To place this in context, total fresh and processed meat department dollar sales were down 1.4% YoY to $6.5 billion in September with volumes down 1.8%. For the year to Oct 1, dollar sales were up 0.1% while volumes were down 1.5%. Frozen processed meat sales were down 3.5% YoY in September to $424 million, while unit sales were up 5.6%.
Layoffs, and ‘sizing the shoe to fit a new foot’
Meat giant JBS abruptly shuttered its Planterra Foods plant-based meat division last fall, while fellow meat processor Maple Leaf (which owns the Lightlife and Field Roast plant-based brands) has been reallocating capacity to conventional meat in an exercise “of sizing the shoe to fit a new foot.”
Pork processor Smithfield, meanwhile, told reporters it was “scaling back,” its Farmland plant-based portfolio last year.
So what is holding the market back? Price? Taste and texture? Questions about protein content, quality, or ‘naturalness’? Cultural barriers? A fundamental lack of interest from many meat-eaters?
Achieving price parity alone isn’t enough; meat alternatives must have strong consumer appeal to gain share, noted Impossible Foods’ CEO Peter McGuinness in a recent interview with AgFunderNews. “People got it wrong when I first started, everyone was like price, price, price. We took price, Beyond Meat took price [and] didn’t see [an increase in] volume. It’s about value, it’s about the value proposition, which has to start with delicious food, no compromise.”

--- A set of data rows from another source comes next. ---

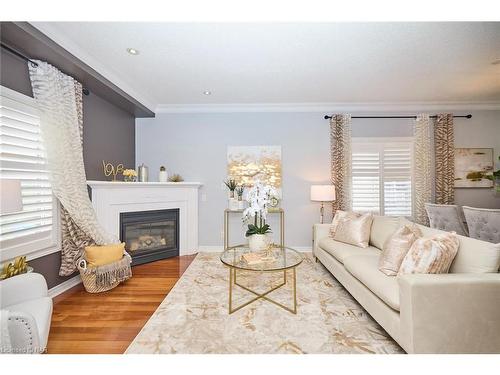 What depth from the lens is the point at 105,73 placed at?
117 inches

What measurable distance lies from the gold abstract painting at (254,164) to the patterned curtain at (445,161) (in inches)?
112

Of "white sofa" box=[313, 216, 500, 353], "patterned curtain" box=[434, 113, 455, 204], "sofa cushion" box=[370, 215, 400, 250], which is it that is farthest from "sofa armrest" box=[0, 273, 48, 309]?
"patterned curtain" box=[434, 113, 455, 204]

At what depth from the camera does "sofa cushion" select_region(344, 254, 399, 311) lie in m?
1.78

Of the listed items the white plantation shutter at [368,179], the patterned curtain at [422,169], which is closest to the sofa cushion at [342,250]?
the white plantation shutter at [368,179]

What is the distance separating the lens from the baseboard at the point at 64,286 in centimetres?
263

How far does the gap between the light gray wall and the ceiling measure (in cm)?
46

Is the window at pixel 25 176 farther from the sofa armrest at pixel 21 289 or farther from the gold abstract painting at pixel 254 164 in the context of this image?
the gold abstract painting at pixel 254 164

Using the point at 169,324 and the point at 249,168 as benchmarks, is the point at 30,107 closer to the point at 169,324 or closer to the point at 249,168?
the point at 169,324

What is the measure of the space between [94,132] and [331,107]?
3.91m

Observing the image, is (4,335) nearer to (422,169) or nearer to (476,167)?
(422,169)

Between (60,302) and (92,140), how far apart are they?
205cm

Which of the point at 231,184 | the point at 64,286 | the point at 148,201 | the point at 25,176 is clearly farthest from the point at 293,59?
the point at 64,286

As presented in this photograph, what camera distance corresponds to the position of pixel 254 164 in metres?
4.39
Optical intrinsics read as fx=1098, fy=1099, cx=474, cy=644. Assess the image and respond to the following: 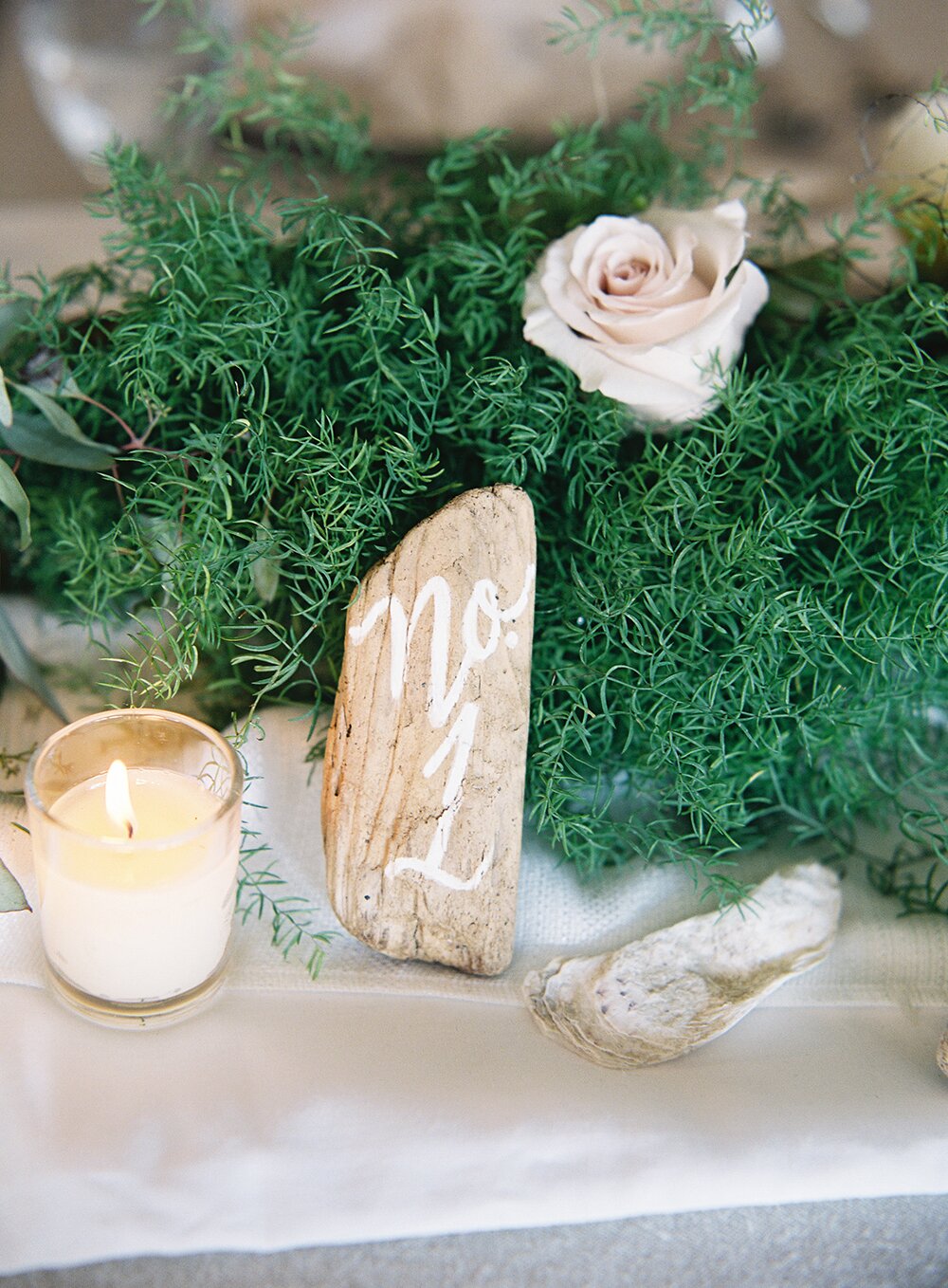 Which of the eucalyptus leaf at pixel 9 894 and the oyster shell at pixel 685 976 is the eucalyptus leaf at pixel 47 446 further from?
the oyster shell at pixel 685 976

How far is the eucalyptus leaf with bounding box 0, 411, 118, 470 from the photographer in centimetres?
54

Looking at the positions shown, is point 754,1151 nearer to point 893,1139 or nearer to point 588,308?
point 893,1139

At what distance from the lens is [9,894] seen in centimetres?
45

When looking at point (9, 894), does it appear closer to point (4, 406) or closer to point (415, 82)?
point (4, 406)

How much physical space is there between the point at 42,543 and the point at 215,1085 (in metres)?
0.32

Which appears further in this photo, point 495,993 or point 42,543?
point 42,543

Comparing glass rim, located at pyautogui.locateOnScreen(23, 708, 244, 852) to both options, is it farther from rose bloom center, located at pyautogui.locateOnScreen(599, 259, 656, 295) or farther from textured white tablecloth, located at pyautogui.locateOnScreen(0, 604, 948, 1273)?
rose bloom center, located at pyautogui.locateOnScreen(599, 259, 656, 295)

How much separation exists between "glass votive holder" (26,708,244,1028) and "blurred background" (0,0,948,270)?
439 mm

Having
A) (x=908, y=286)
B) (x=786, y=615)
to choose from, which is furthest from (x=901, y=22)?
(x=786, y=615)

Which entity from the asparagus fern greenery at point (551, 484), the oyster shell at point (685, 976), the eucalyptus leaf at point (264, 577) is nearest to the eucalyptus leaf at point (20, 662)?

However, recent research from Acosta Group, a collective of retail, marketing and foodservice agencies, shared with AgFunderNews suggests that price is still a problem for the category at a time when household budgets are stretched, said Kathy Risch, SVP of Consumer Insights and Trends.
According to Acosta Group, which surveyed 1,314 US shoppers in June 2023:
- “Half of shoppers tell us affordability is the key barrier to purchase.”
- “Current users [of plant-based foods] would like to see more plant based soups and snacks.”
- “55% of plant-based users cite physical health and specifically heart health as a deciding factor in dietary choices.”